This verse develops the idea of “life” and “fellowship” by completing John’s paradigm of “light and darkness”: the one who walks in Christ’s light has fellowship with his body and is made clean by his blood.
Waling in the Light
We must ask what it means to walk in the light.
“Walking in the truth”: Walking in the light means walking in agreement with the truth (2nd John 1:4). This living according to the truth is what Scripture means when it refers to “the washing of the water of the word” (Ephesians 5:26).
“Walking in love”: Central to the meaning of “walking in the light” is the idea of “walking in love towards one another”.
1st John 2:10-11 (CSB) The one who loves his brother or sister remains in the light, and there is no cause for stumbling in him. 11 But the one who hates his brother or sister is in the darkness, walks in the darkness, and doesn’t know where he’s going, because the darkness has blinded his eyes.
Darkness equates to hate induced disunity and sin.
Light equates to love induced fellowship and righteousness.
Simply stated, if we walk in love-induced fellowship with our brothers and sisters in Christ, the blood of Jesus cleanses us from all sin. We will progressively grow in sanctification as we display the love of Christ in his body by the grace of the Holy Spirit.
This is Jesus’ command:
John 13:34-35 (CSB) I give you a new command: Love one another. Just as I have loved you, you are also to love one another. 35 By this everyone will know that you are my disciples, if you love one another.”
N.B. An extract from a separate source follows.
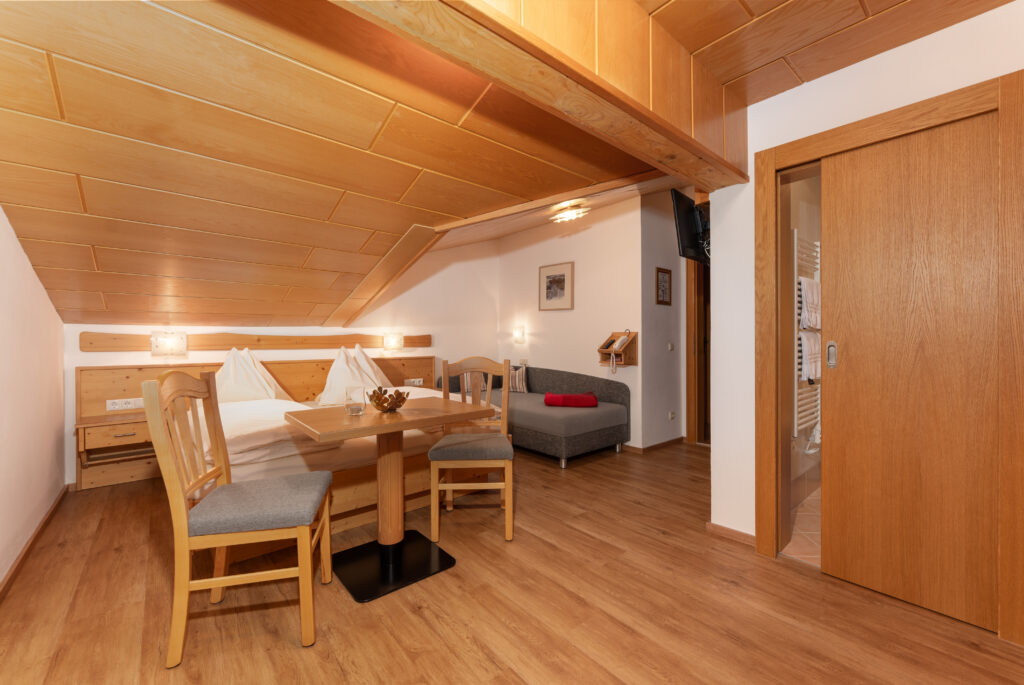 Wohlfohlzimmer für 3 Personen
John 15:9-12 (CSB) As the Father has loved me, I have also loved you. Remain in my love. 10 If you keep my commands you will remain in my love, just as I have kept my Father’s commands and remain in his love. 11 “I have told you these things so that my joy may be in you and your joy may be complete. 12 “This is my command: Love one another as I have loved you.
Just as John’s aim in writing is so that our joy may be complete (1:4), so also Jesus gave this command so that our joy may be complete; lovelessness within the body is why so many Christians do not experience joy in Christ! You cannot love Christ – whom you do not see – if you do not love his blood-bought body that you do see.
Selfless, sacrificial, and familial love within the body is the greatest expression of Christian discipleship in the Church.
The maturity and health of every church body should be measured by the degree of joy they have in their fellowship with God and with one another. The unity of the Spirit that they experience with one another demonstrates the unity in spirit that they share with the Father!
Here is John’s argument:
1st John 1:3-4 (CSB) what we have seen and heard we also declare to you, so that you may also have fellowship with us; and indeed our fellowship is with the Father and with his Son Jesus Christ. 4 We are writing these things so that our joy may be complete.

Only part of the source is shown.